Update as of 6:37 a.m. EST: On Tuesday morning, the ruble was down over 11 percent against the dollar at 73.00 after dipping past 74 against the dollar for the first time, Reuters reported. It was over 15 percent weaker against the euro at 92.99, thanks to plunging oil prices, negative sentiment in global markets and sanctions against Moscow.

The Bank of Russia's drastic move to hike a key interest rate from 10.5 percent to 17 percent, aimed at saving the ruble and the battered Russian economy, failed to stem the currency's slide, which fell to 75 to the U.S. dollar during the day, after having risen to 58 following the rate hike.

According to BBC, a note from Moscow-based investment bank Sberbank, said: "With these steps, the Central Bank is looking to bring stability back to the [foreign exchange] market, which has been behaving irrationally over the last few weeks. This state of affairs required extraordinary measures from the Central Bank."


The Central Bank of the Russian Federation, also known as the Bank of Russia, has announced that it will increase its key interest rate to 17 percent, up from 10.5 percent, with effect from Tuesday. The bank said that the move was an effort to boost the ruble and rescue the country’s sanctions-hit economy.

The ruble has dropped about 50 percent since January, hampered by falling oil prices and Western sanctions imposed on the country over the conflict in eastern Ukraine. The increase in the key interest rate is considered to be a desperate move by the central bank to defend the falling ruble, which threatens to raise Russia’s inflation to levels that could paralyze the country’s economy, The Associated Press (AP) reported.

“From 16 December 2014 the Bank of Russia Board of Directors decided to raise the Bank of Russia key rate to 17.00 percent per annum. This decision is aimed at limiting substantially increased ruble depreciation risks and inflation risks,” Bank of Russia said in a statement on Tuesday.

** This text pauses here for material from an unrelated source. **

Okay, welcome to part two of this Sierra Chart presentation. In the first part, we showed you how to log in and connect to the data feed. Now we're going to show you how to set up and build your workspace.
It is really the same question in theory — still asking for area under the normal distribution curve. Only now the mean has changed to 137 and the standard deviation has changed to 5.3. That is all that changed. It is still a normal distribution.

Although the decision triggered an immediate gain in the ruble, with one-month ruble forwards up 1.6 percent in Asian trading, some analysts said that the struggling Russian economy is unlikely to manage such high rates for long, Bloomberg reported, adding that the move by the country’s central bank is the biggest rate hike since 1998.

“This move symbolizes the surrender of economic growth for the sake of preserving the financial system,” Ian Hague, co-founder of New York-based Firebird Management LLC, told Bloomberg. “It’s the right move to make, and it wasn’t easy to make it.”

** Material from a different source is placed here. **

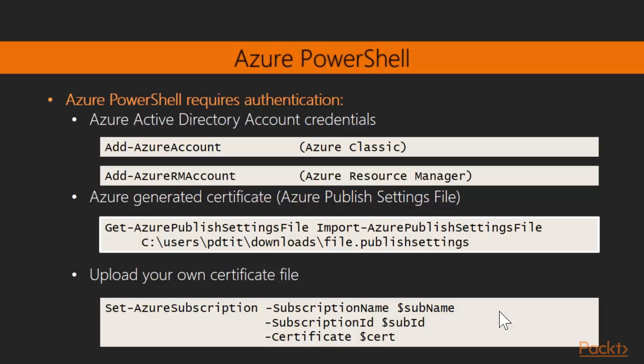But if, for example, you go out to the internet and search for any specific PowerShell commandlet, when it's telling you Azure something, it's mainly pointing to classic Azure. Where it's pointing to AzureRM something, it's related to Azure Resource Manager.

Russia has reportedly spent $80 billion in an unsuccessful move to stabilize the currency, which is now trading at about 65.60 to the dollar. It breached the 64.00 level for the first time on Monday. 

According to Barry Eichengreen, an economist at the University of California, Berkeley, the Russian central bank has raised the key interest rate to attract investors, but the move will not solve the underlying issues affecting the Russian economy, he added, according to AP. Eichengreen also noted that Russia relies heavily on petroleum revenues, leaving the country’s economy at the mercy of global financial markets, where oil is priced in dollars.

The price for a barrel of Brent crude oil was down 65 cents to $61.20 on Monday. Earlier in the session, it had fallen to a session low of $60.28, the lowest price since July 2009, Reuters reported.

According to the U.S. Energy Information Administration, oil and natural gas sales accounted for 68 percent of Russia's total export revenues in 2013. Earlier  Monday, the Russian central bank had said that it expected the country’s economy to shrink 4.5 percent to 4.7 percent in 2015 -- the most since 2009 -- if oil prices averaged $60 a barrel in 2014.

“If today’s measures fail to stem the ruble rout, there is a high probability that policy will veer in a more unorthodox direction,” Alexander Kliment, an analyst at the Eurasia Group, said in a research note obtained by the New York Times. “Some top advisers to Putin are openly hostile to rate hikes.”